The appellate court also rejected Plaintiff’s other attempts to get around Mensing preemption.  First, it noted that even if the generic’s label didn’t comply with the requirement that it must be the same as the branded drug, this didn’t help Plaintiff, given the fact that there’s no private right of action for such a claim under the FDCA.  Id. at *9.  The court also rejected Plaintiff’s argument that the generic manufacturer should have disseminated warnings via other means – presumably, things like Dear Doctor letters.  Id. at *10.  Plaintiff conceded that these additional warnings would have to be consistent with what was in the approved labeling.  Id.  The court not only rejected this argument on Mensing grounds, it noted that at the heart of Plaintiff’s claims was the argument that the approved labeling was inadequate, and that “Iowa law does not provide a cause of action for failing to disseminate allegedly inadequate warnings.”  Id.

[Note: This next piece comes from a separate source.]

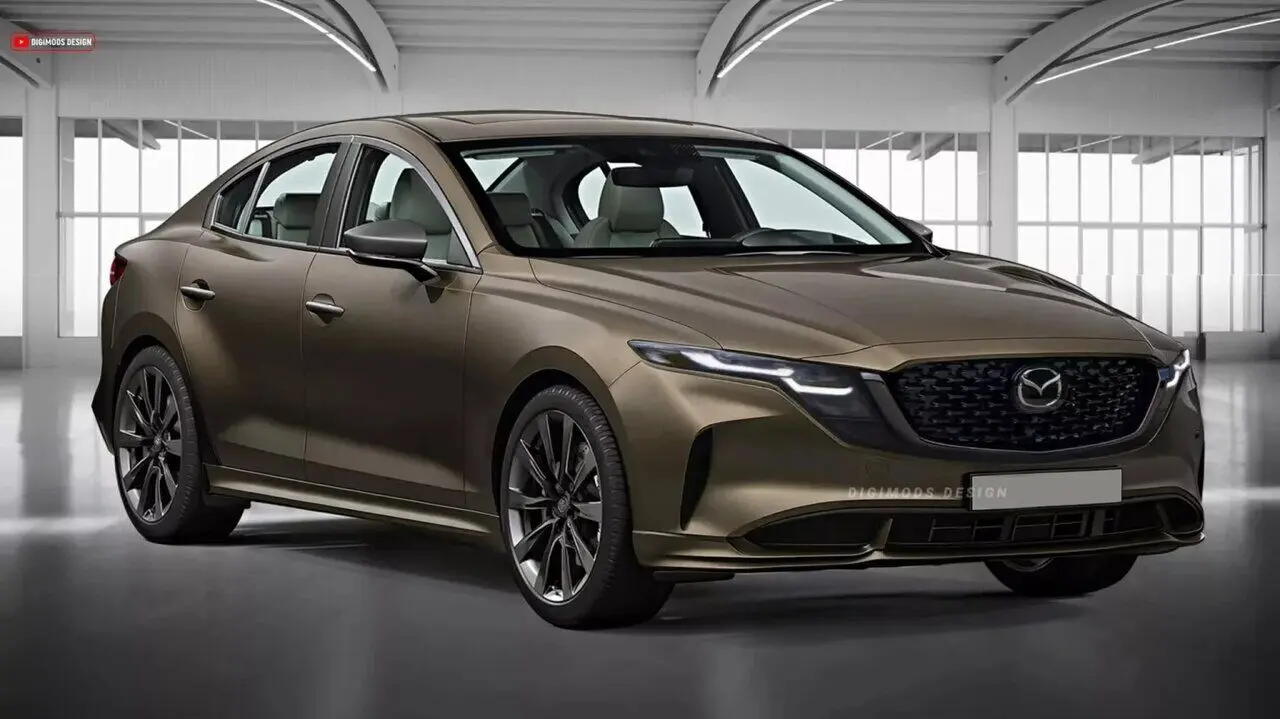 معرفی خودرو مزدا۳ هاچ‌بک با پیشرانه‌ی جدید Skyactiv-Z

That wasn’t the end of the opinion, though.  While Plaintiff had not appealed the grant of summary judgment in favor of the brand-name manufacturer (or even opposed their summary judgment motion, remember), after Mensing was decided, she eventually got around to asking the lower court to revisit the ruling in favor of the brand-name manufacturer under its “inherent power to correct interlocutory errors.”  Id. at *12.  To support that request, she claimed that Mensing had overturned prior precedent that the lower court had relied upon, which held that “generic manufacturers had the ability to change their labels.”  Id. at *12.  The reason for Plaintiff’s procedural maneuvering to get the claims against the brand-name manufacturer in front of the appellate court seems pretty clear:  under Mensing, this was her only shot at a non-preempted claim. The appellate court didn’t take the bait, though.

On appeal, Plaintiff argued that the brand-name manufacturer had “designed” metoclopramide, and that as such, her negligence, misrepresentation and fraud claims didn’t require product identification.  Id. at *13.  However, the appeals court observed that the only issue explicitly decided by the lower court was that of the branded manufacturer’s duty to this Plaintiff, and that her “design” claims had not been preserved for appellate review. Id.  There seems to be a question as to whether these claims were even made in the lower court in the first place – the brand-name manufacturer seemed to think they weren’t, and the appellate court rather tepidly referred to them as only “minimally presented.”  Id.  The court held that the only claims that were properly before it were whether Mensing changed Iowa’s law with regard to claims against branded manufacturers (no), and whether Iowa’s law on product identification would allow the Plaintiff’s claims against the branded manufacturer to go forward (again, no).

We’ll be sure to add this case to our preemption scorecard(s).